Note that we normally randomize the initial values of the weights and biases. This is a simple-minded way to create a fairly chaotic initial cost function with ample room for gradient descent. We wouldn’t want to risk setting these variables in some predictable way, which might place the cost function into a flat plane from the very start!

Consider that this code is basically sufficient to recognize handwritten images of mnist numbers with a success rate of about 95%! That’s quite remarkable. Imagine how much effort it would take to develop a custom algorithm to do the same thing. I think it would be incredibly hard to get to the same level of accuracy that way, but we can achieve pretty good results with the very naive implementation above: All we have are layers of neurons connected together in a completely generic way, with maybe 100 lines of code to perform the forward and backward propagations!

Stochastic Gradient Descent

Adjusting all of the weights and biases for every single input, as in the above code, can be slow. A common speedup technique is to run a batch of inputs through the network and to treat that as a single training step. In other words, first we calculate our partial derivatives for a bunch of randomly selected training inputs. We keep adding the most recent partial derivatives to each gradient matrix. Once we’ve done that, we divide each of these cumulative partial derivatives by the number of samples in the batch. We then update the weights and biases just once against this average slope. We can then continue doing the same thing with another batch of inputs. This is called stochastic gradient descent. Intuitively, this means our movements down the slope of the landscape are a bit more jerky than they would be otherwise. If we adjusted all of the parameters after every input, our path downward would be a smoother curve, but it would take longer to compute.

MNIST Image Recognition

Michael Nielsen’s python code (github)for recognizing mnist images easily reaches approximately a 95% recognition rate after training for just a few minutes on a commodity PC. The following script runs the network with a single hidden layer of 30 neurons (run.py):

import mnist_loader
import network

training_data, validation_data, test_data = mnist_loader.load_data_wrapper()
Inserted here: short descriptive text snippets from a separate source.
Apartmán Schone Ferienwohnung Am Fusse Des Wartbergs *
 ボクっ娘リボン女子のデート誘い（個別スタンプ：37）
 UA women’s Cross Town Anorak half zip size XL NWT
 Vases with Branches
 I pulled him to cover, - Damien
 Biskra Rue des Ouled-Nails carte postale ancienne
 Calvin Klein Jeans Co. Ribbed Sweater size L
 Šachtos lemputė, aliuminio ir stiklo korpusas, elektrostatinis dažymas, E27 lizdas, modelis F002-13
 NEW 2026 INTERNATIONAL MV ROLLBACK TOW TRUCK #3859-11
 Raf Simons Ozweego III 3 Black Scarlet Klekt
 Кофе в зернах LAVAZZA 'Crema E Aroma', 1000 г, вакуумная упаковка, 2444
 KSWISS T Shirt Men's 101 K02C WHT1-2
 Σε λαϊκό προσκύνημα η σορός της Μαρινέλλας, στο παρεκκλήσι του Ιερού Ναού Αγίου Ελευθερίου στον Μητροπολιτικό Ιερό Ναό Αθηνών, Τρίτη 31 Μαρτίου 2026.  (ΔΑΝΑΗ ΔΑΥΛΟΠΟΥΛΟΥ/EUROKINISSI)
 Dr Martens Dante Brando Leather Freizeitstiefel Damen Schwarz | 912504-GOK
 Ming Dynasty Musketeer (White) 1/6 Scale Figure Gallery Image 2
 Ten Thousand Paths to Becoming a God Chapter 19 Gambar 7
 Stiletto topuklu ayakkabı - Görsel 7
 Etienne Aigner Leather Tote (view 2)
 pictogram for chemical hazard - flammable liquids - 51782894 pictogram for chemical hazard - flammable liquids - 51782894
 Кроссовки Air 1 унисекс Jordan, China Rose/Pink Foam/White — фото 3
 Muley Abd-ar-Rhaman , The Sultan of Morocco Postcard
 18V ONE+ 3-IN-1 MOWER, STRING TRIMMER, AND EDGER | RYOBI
net = network.Network([784, 30, 10])
net.SGD(training_data, 30, 10, 3.0, test_data=test_data)

The results below show that the network achieves close to 95% accuracy:

C:\Dev\python\neural-networks-and-deep-learning\src>python run.py
Epoch 0: 9032 / 10000
...
Epoch 29: 9458 / 10000

If we change the network to 2 hidden layers of 16 neurons each, like in Grant Sanderson’s video (run2.py):

import mnist_loader
import network

training_data, validation_data, test_data = mnist_loader.load_data_wrapper()

net = network.Network([784, 16, 16, 10])
net.SGD(training_data, 30, 10, 3.0, test_data=test_data)

The results seem to be about the same:

C:\Dev\python\neural-networks-and-deep-learning\src>python run2.py
Epoch 0: 8957 / 10000
...
Epoch 29: 9385 / 10000

If we omit the hidden layer completely and just send our input layer directly to the output layer, the accuracy falls quite a bit, down to 75%.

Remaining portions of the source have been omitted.